Recuerdo ahora su apasionado amor por sus hijos y sus nietos, el desorden interminable de su biblioteca, su gusto por ver un buen partido de futbol, su chamarra de la UNAM, su insustituible ron Flor de Caña, sus abrazos que apretaban el corazón, la dedicatoria que me escribió en la primera edición de Paradiso de Lezama, que me trajo de regalo de Cuba.
Quizá su última indignación fue atestiguar la vileza de los ataques a la gran UNAM, a la que tanto quiso y defendió, desde la ignorancia supina y la intolerancia que vive este país ahora y seguro dijo que no podrán, que no vencerán jamás a su Universidad.

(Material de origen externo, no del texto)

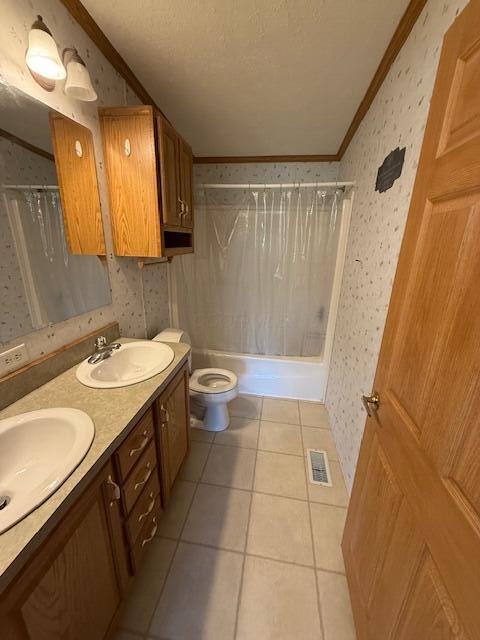 bathroom with ornamental molding, visible vents, and wallpapered walls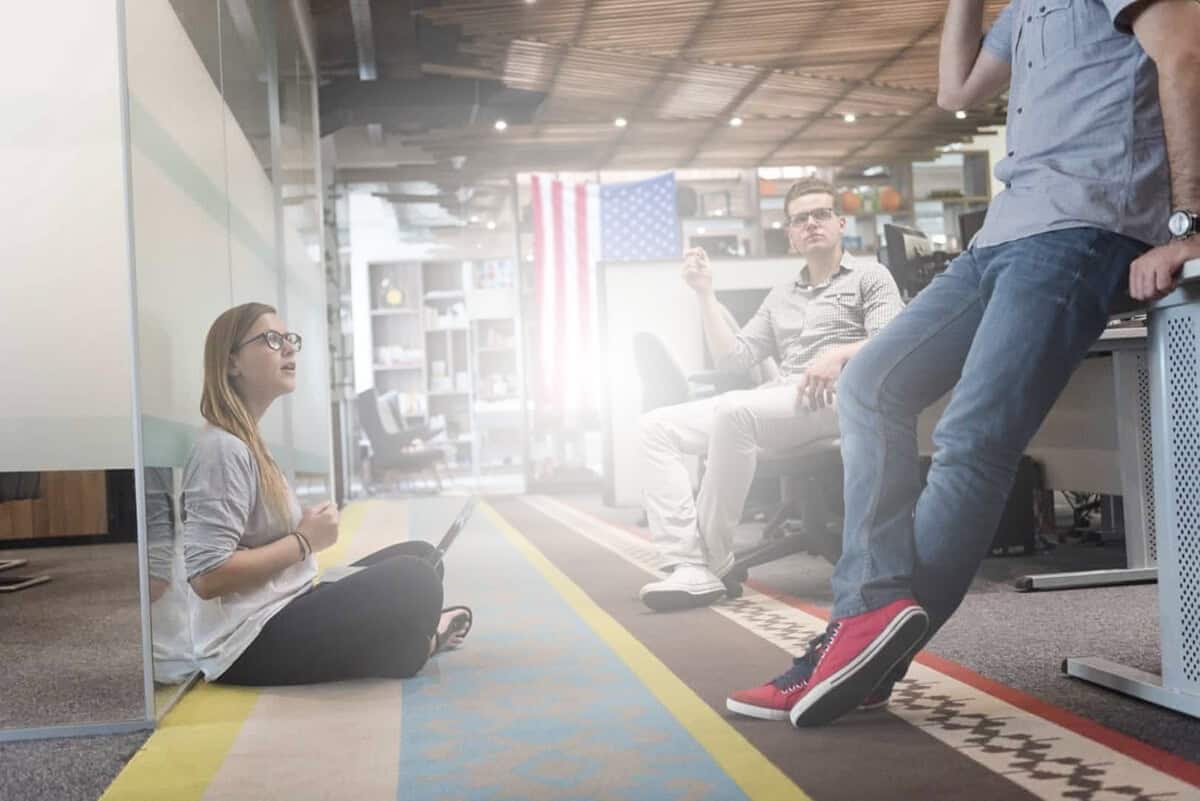 Website support team discussing website management services in office with American flag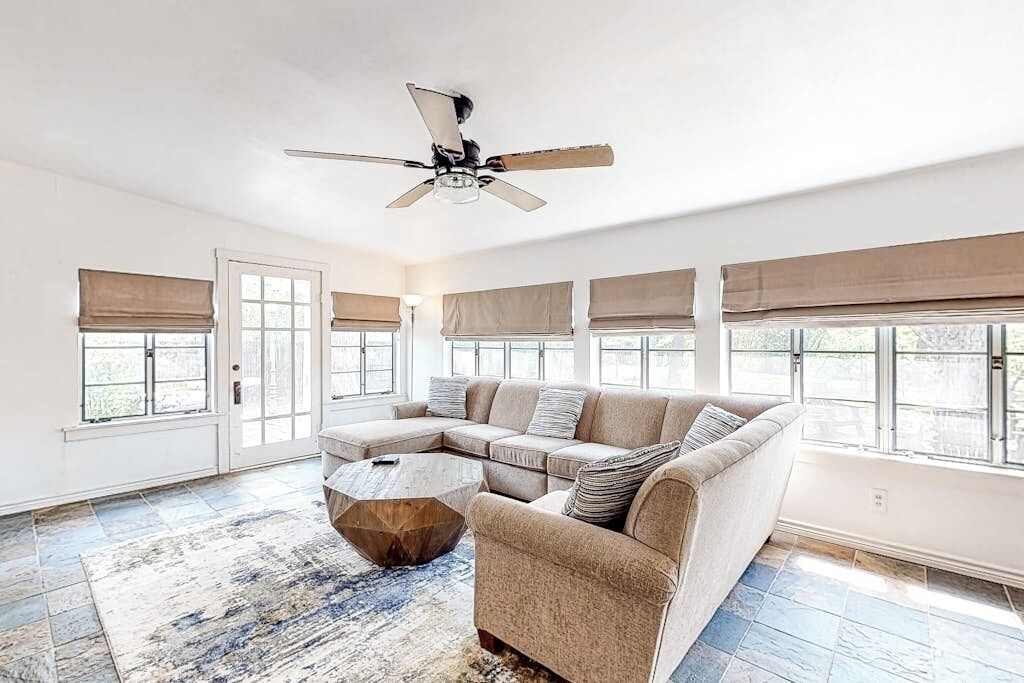 A spacious living room with a sectional sofa, a coffee table, and a ceiling fan.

Froy fue un hombre de fe. Un hombre de buena fe. Quiero pensar que ya abraza a su hijo Hugo, cuya desaparición tanto le dolió, que charla de nuevo con Ricardo Garibay y que otra vez, como lo hizo en la vieja redacción de los primeros días precarios de Proceso, le grita con humor a Julio Scherer: “¡Que ya nos paguen!”. Seguro lo están recibiendo con música de trompetas de Satchmo o con las de la Orquesta de Pérez Prado. Y lo veo esta tarde luminosa y fría en que ya no está, en que estoy casi feliz de pensar lo que Froy mira con una sonrisa enorme, desde este momento, en otra parte.